Christophe Giovannetti, President of the UNF, is pleased to announce the signing of the Declaration of the Rights of Humanity by the Institut Pasteur de Lille.
By signing, this Friday, November 18, 2022, the Universal Declaration of Humankind Rights, the Institut Pasteur de Lille reaffirms its commitment to the protection of current and future generations, illustrated on a daily basis through its research and prevention activities in favor of longevity and infectious diseases.
Corinne Lepage, former Minister of the Environment and Jacques Richir, Deputy Mayor of Lille and Chairman of the Board of Directors of the Institut Pasteur de Lille signed on Friday November 18, 2022 the Universal Declaration of Humankind Rights (DuDH ) alongside Christophe Giovannetti, President of the UNF and Secretary General of the Friends of the DDHU and Didier Bonneau, General Deputy Director of the Institute.
With this commitment, the Institut Pasteur de Lille joins the signatories of this charter (local authorities, companies, universities, etc.), initiated in 2015 by Corinne Lepage at the request of the President of the Republic François Hollande for COP 21.

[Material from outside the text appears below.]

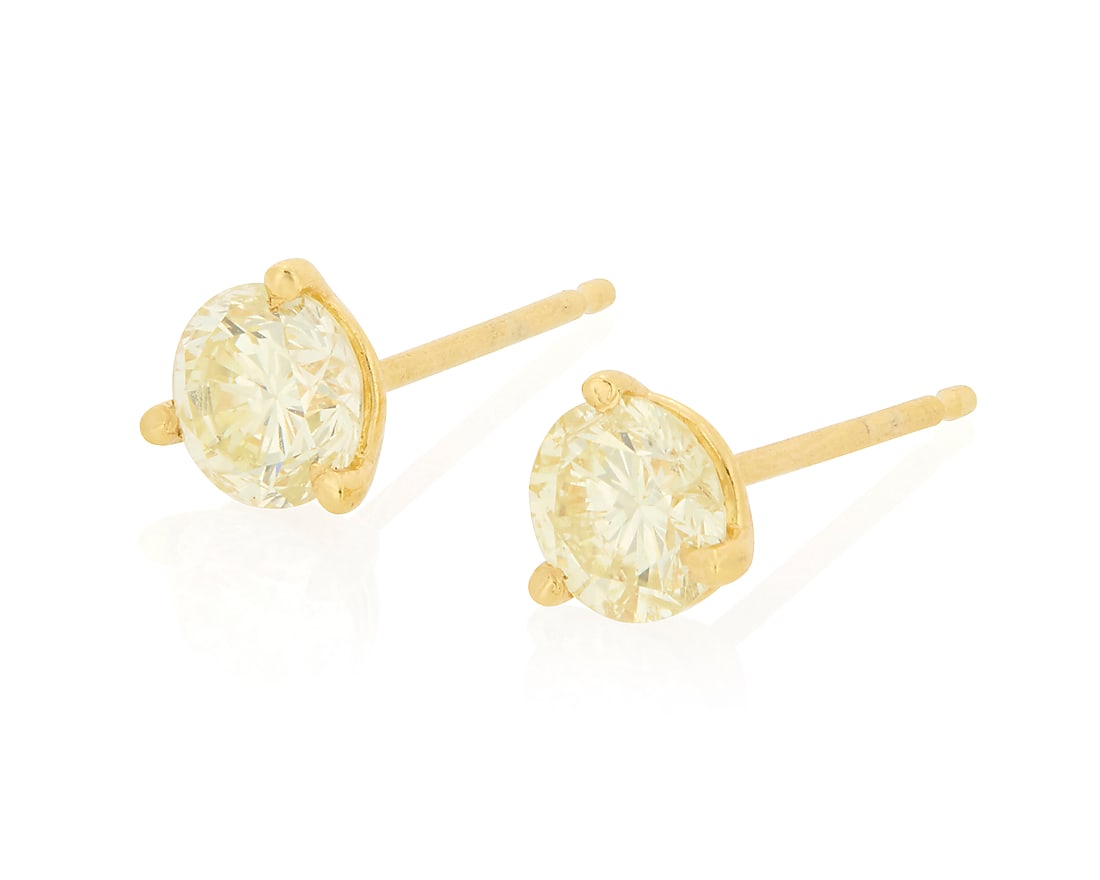 A Pair of 14K Gold and Diamond Stud Earrings Centering two round diamonds weighing 1.06 carats (1 of 3)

The DNA of the Institut Pasteur de Lille, created in 1895 by Louis Pasteur and Albert Calmette to enable the inhabitants of Lille to fight against a serious epidemic of diphtheria is in perfect coherence with the rights and duties of the DuDH, which “proclaims the right living species and Humanity to exist and live in a healthy environment” according to Corinne Lepage, founder of the text.
The Institut Pasteur de Lille has been committed for 120 years to health research and innovation to enable everyone to “Live better longer”. Today, 600 researchers and members of the scientific community contribute, through their discoveries and preventive actions, to the fight against Alzheimer’s disease, diabetes, cancers and cardiovascular diseases.
Among the rights, duties and principles enacted by this text, the Institut Pasteur de Lille retains in particular the “duty to direct scientific and technical progress towards the preservation of the health of the human species and of other species,” and the right “to peace and security in environmental, health, food, economic and political terms.
This commitment of current generations to the benefit of future generations is found in the very spirit of the Institut Pasteur de Lille: On the occasion of the signing of the Declaration, Jacques Richir notably recalled that Albert Calmette and Camille Guerin, co – Inventors in 1921 of BCG, a vaccine against tuberculosis, made the choice to offer it to the world, thus saving millions of children at a time when tuberculosis, called the white plague, was wreaking havoc.